1. This study analyzed the relationships between TBM operating parameters and daily collected TBM data.
2. Five different statistical and ensemble machine learning methods, as well as two different deep neural networks, were evaluated to establish prediction models.
3. The successful application of these machine learning methods suggests the promise of machine learning in this application.
This article provides a comprehensive overview of the use of various machine learning algorithms for predicting tunnel boring machine (TBM) operating parameters. The authors provide a detailed description of their methodology, including data preprocessing and selection of the most influential parameters for each model. They also present results from their experiments with five different statistical and ensemble machine learning methods, as well as two different deep neural networks, which suggest that the ensemble methods are most accurate for relatively limited datasets.
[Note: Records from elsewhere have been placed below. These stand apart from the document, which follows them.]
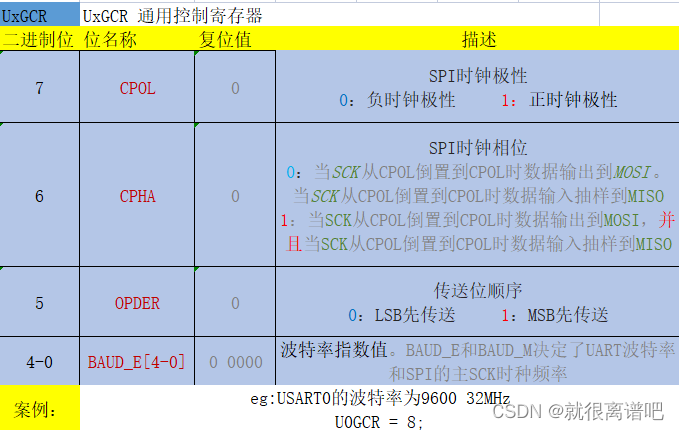 UxGCR(Usart x General Control register）——Usart x 通用寄存器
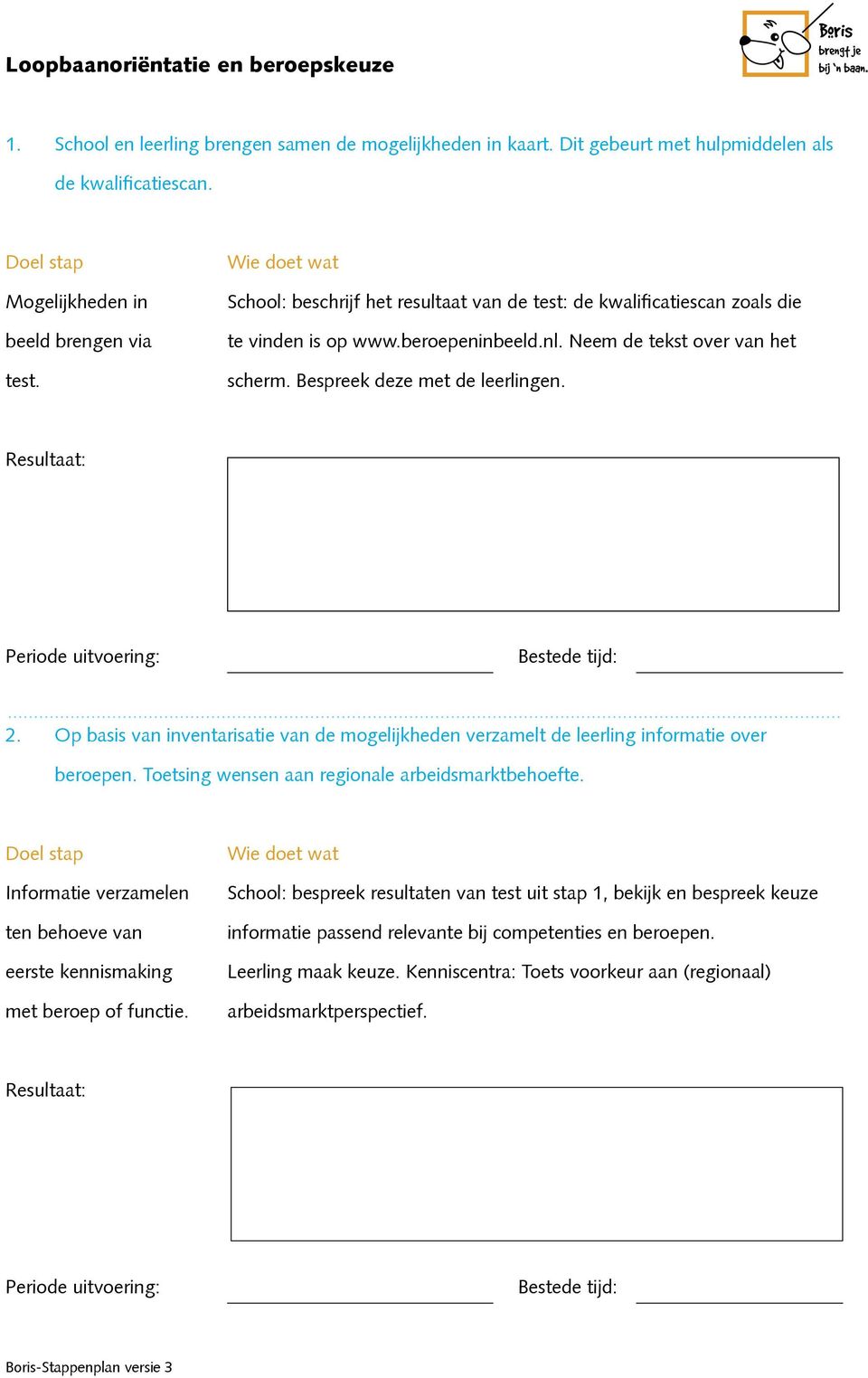 Op basis van inventarisatie van de mogelijkheden verzamelt de leerling informatie over beroepen. Toetsing wensen aan regionale arbeidsmarktbehoefte.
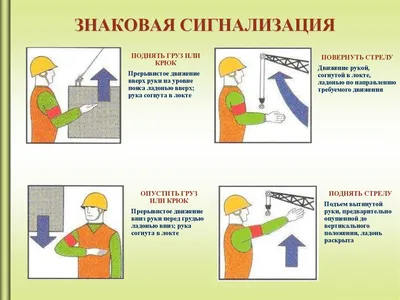 Знаковая сигнализация между стропальщиком и крановщиком: Условные сигналы  между стропальщиком и крановщиком | Справка — Строительная большегрузная  техника для бизнеса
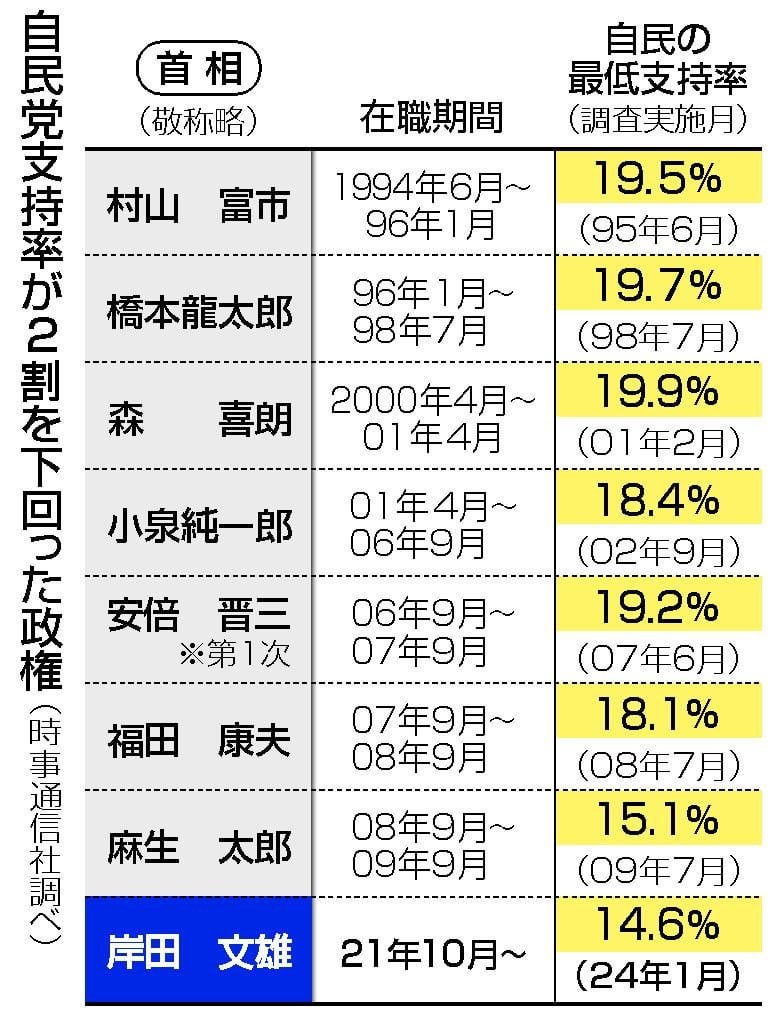 自民支持率最低、党内に衝撃 「裏金」影響、下野直前下回る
The article is generally reliable and trustworthy; however, there are some potential biases that should be noted. For example, the authors do not explore any counterarguments or alternative approaches to predicting TBM operating parameters; they only focus on their own approach using various machine learning algorithms. Additionally, they do not discuss any possible risks associated with using these algorithms or provide evidence for their claims about the accuracy of each method. Furthermore, they do not present both sides equally when discussing the advantages and disadvantages of each algorithm; instead, they focus mainly on highlighting the benefits without providing an equal amount of information about potential drawbacks or limitations. Finally, there is some promotional content in the article that could be seen as biased towards certain algorithms over others.